##### Record extracts

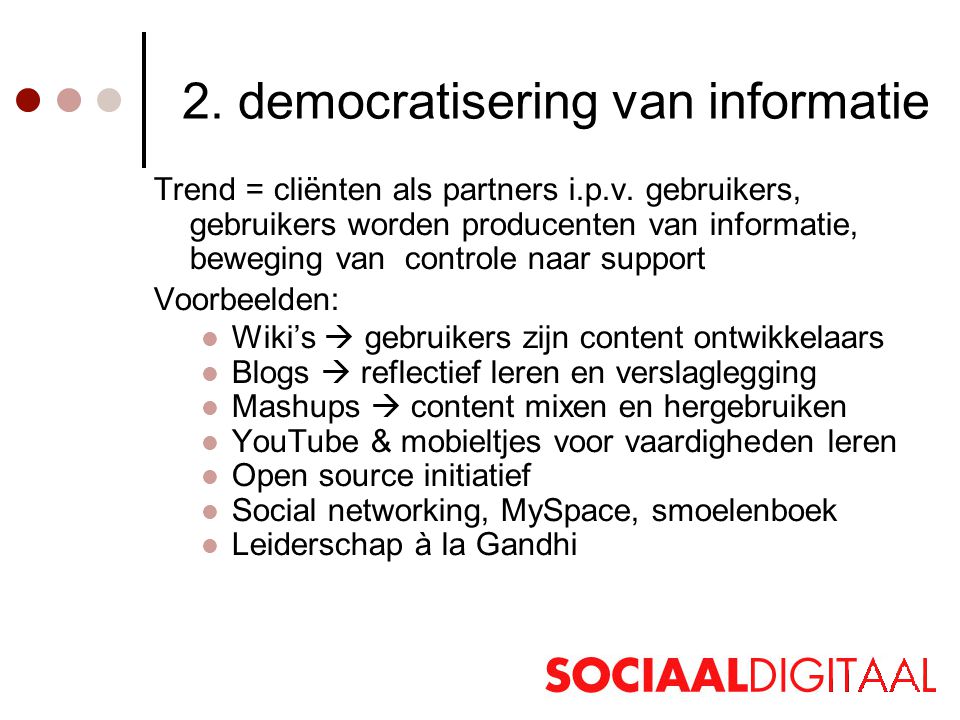 2. democratisering van informatie Trend = cliënten als partners i.p.v.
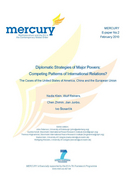 Diplomatic strategies of major powers: competing patterns of international relations? The cases of the United States of America, China and the European Union 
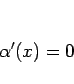 \begin{displaymath}
\alpha'(x)=0
\end{displaymath}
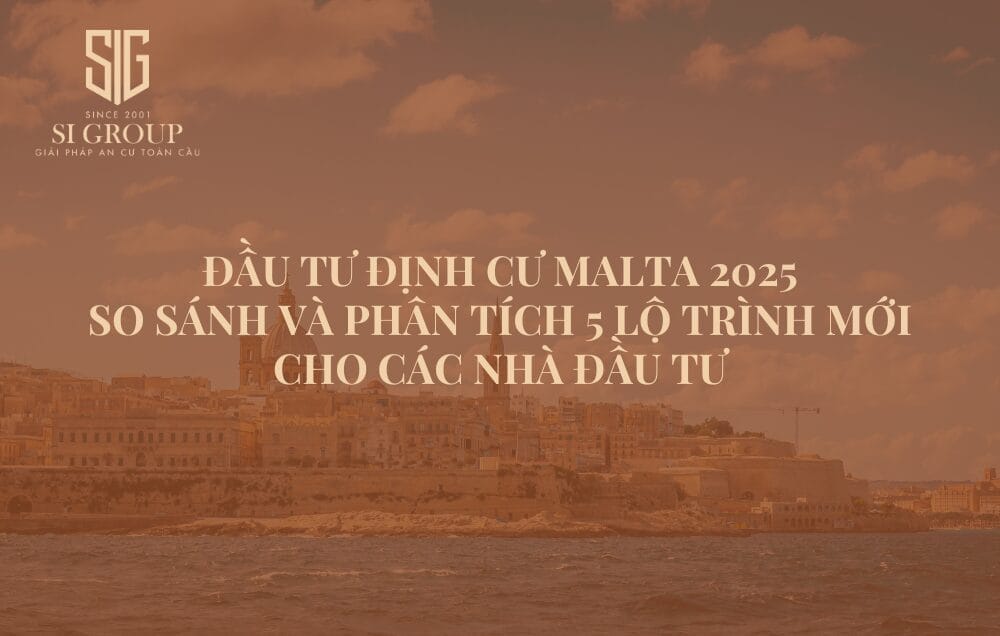 Đầu tư định cư Malta 2025: So sánh và phân tích 5 lộ trình mới cho các nhà đầu tư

##########

Reproduce the data verbatim and omit each image.

> Exercise response
 2. democratisering van informatie Trend = cliënten als partners i.p.v.
 Diplomatic strategies of major powers: competing patterns of international relations? The cases of the United States of America, China and the European Union 
 \begin{displaymath}
\alpha'(x)=0
\end{displaymath}
 Đầu tư định cư Malta 2025: So sánh và phân tích 5 lộ trình mới cho các nhà đầu tư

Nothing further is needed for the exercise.